# What is required
Write out the listing below without alteration, omitting its pictures.

# Dataset extract
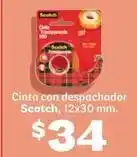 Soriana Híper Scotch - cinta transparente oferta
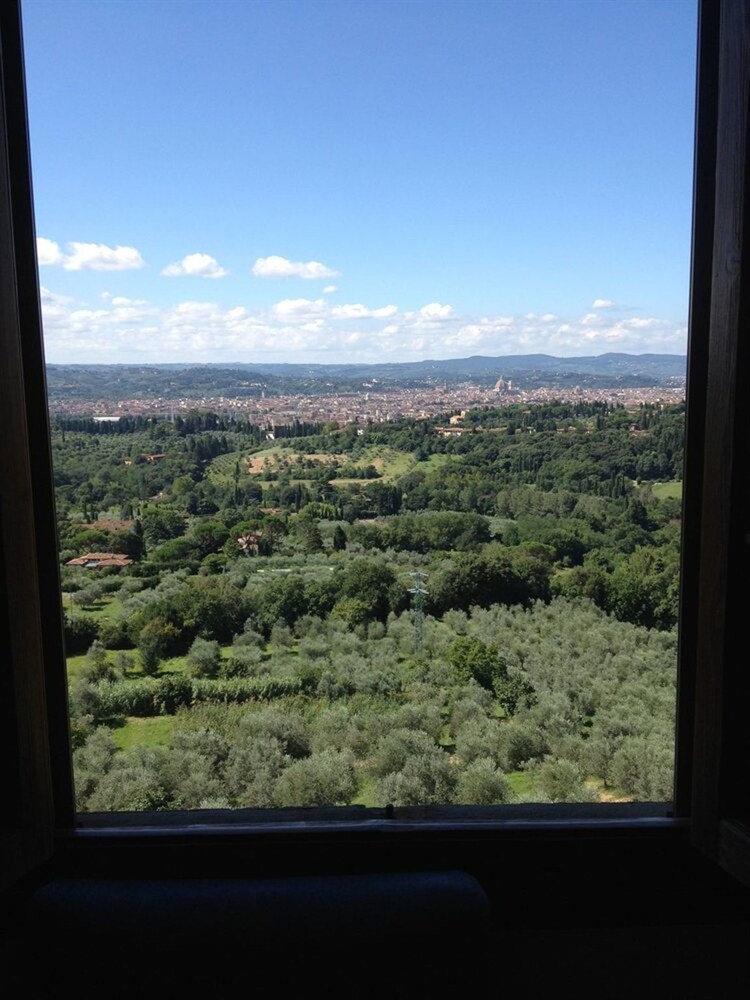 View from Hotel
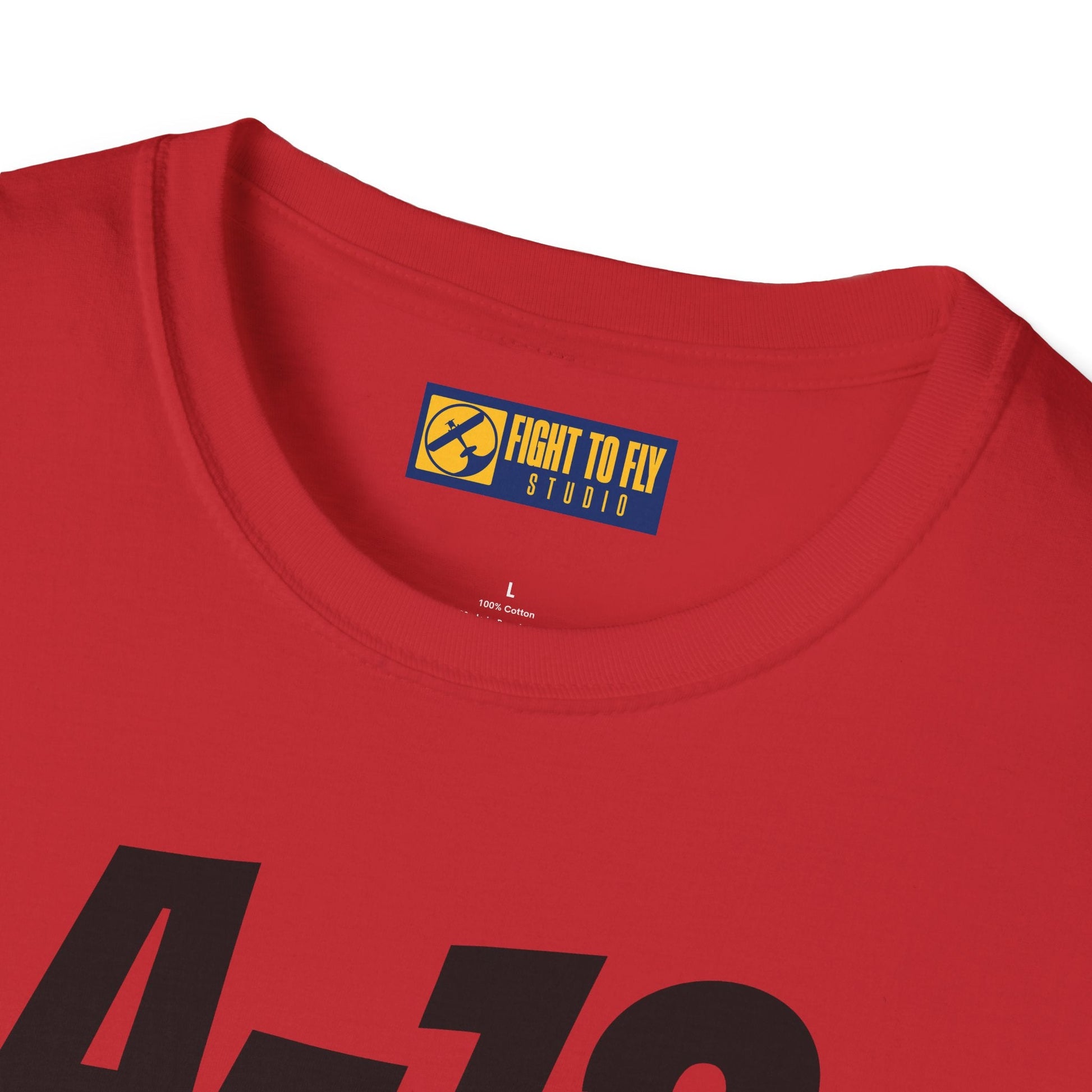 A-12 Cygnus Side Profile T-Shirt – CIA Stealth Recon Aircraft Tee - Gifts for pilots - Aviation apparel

# Response below
 Soriana Híper Scotch - cinta transparente oferta
 View from Hotel
 A-12 Cygnus Side Profile T-Shirt – CIA Stealth Recon Aircraft Tee - Gifts for pilots - Aviation apparel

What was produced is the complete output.